Starting with sample prep, we've improved tolerance for low input (100 ng or less), which is critical for clinical samples such as tumor biopsies. A PCR-free workflow cuts out a huge amount of time, and we've shown it to have equivalent coverage and accuracy, as well as higher diversity than standard methods using amplification. We've also been successful in sequencing genomes from FFPE tissue as a source of DNA, opening access to millions of archival samples.

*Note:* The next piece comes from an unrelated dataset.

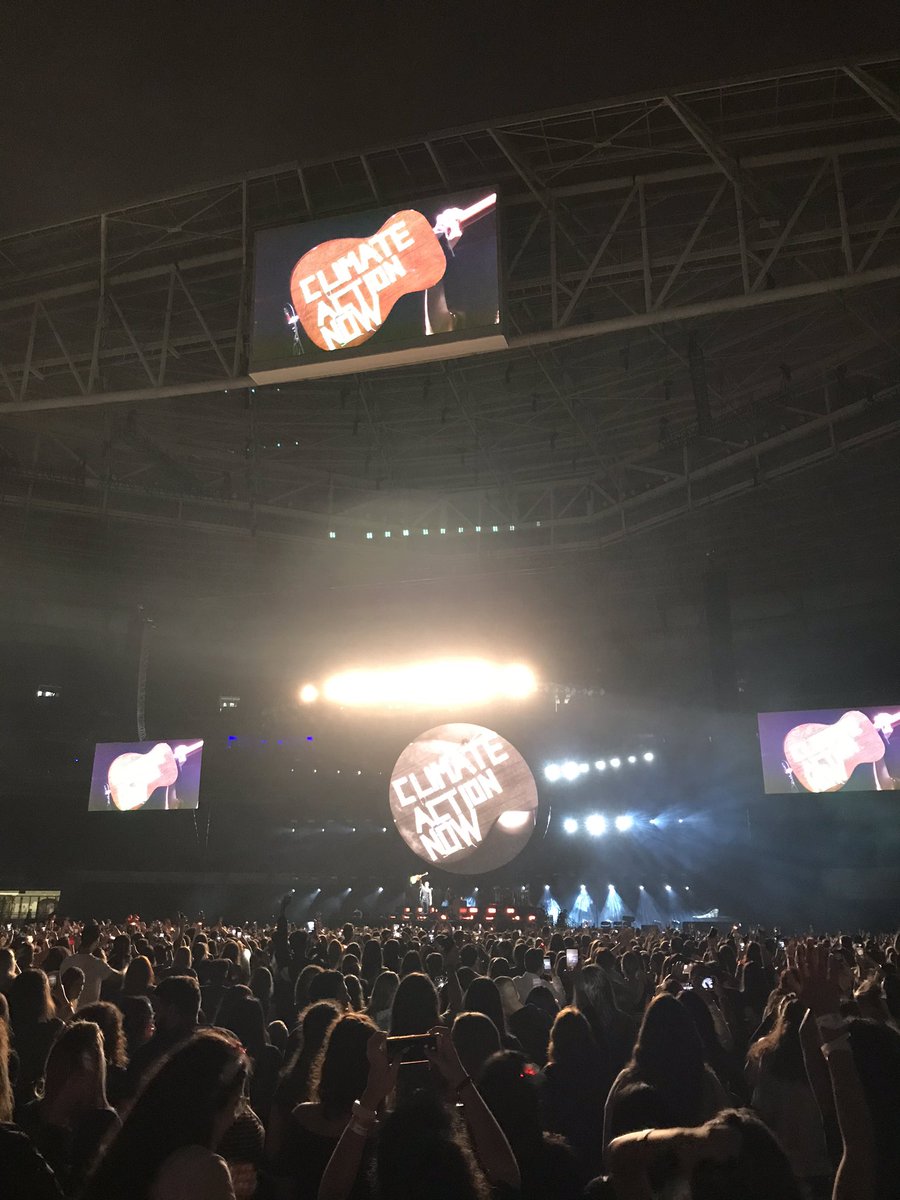 multifandomrafa's tweet image. Tonight was amazing! Thank you @ShawnMendes for this incredible show. I can’t have words to describe how happy I am! We love you really much!!!! #ShawnMendesTheTourBrazil #ShawnMendesTheTourSãoPaulo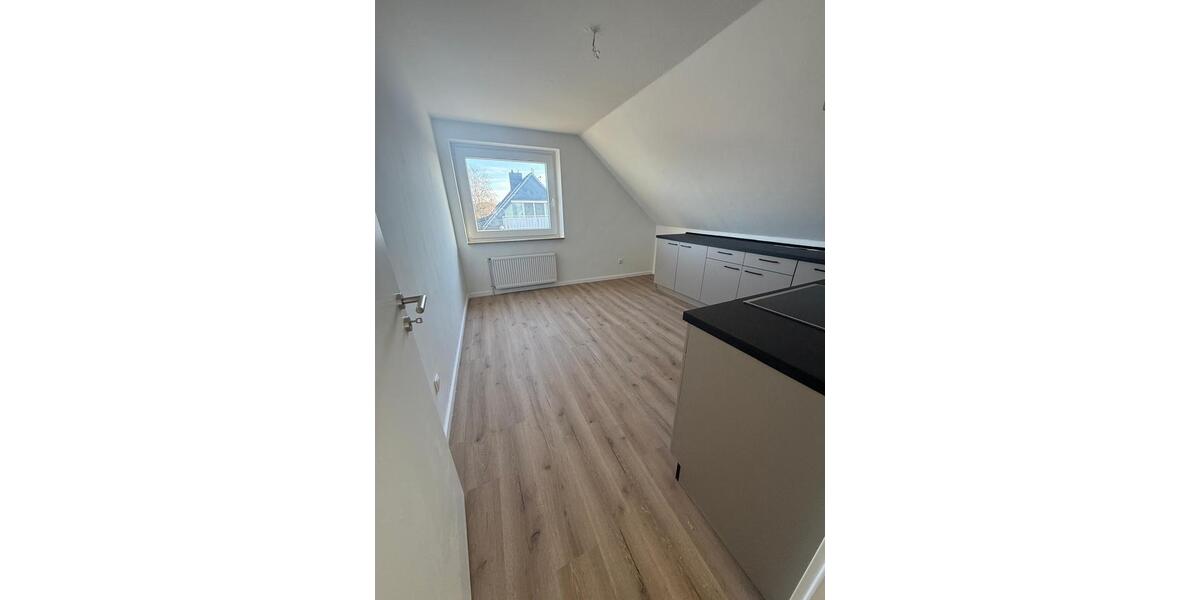 Etagenwohnung Bergen - 4 Zimmer, 100 m&sup2;, 950&euro; | Angebot:26445325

Sequencing genomes in a day on the HiSeq 2500 is routine for us, and importantly, this increase in speed does not sacrifice sensitivity or accuracy. At every step in the process, we are focusing on improved speed and simplicity while ensuring comprehensiveness and accuracy.
On the analysis front, we're adopting a standard VCF format for disseminating whole genome data—calling it a genome VCF (or gVCF), which complies with the VCF standard and includes quality information about every position in the genome, not just variant positions. This is critical in a clinical setting where ruling out the presence of specific variants is just as important as identifying causative variants.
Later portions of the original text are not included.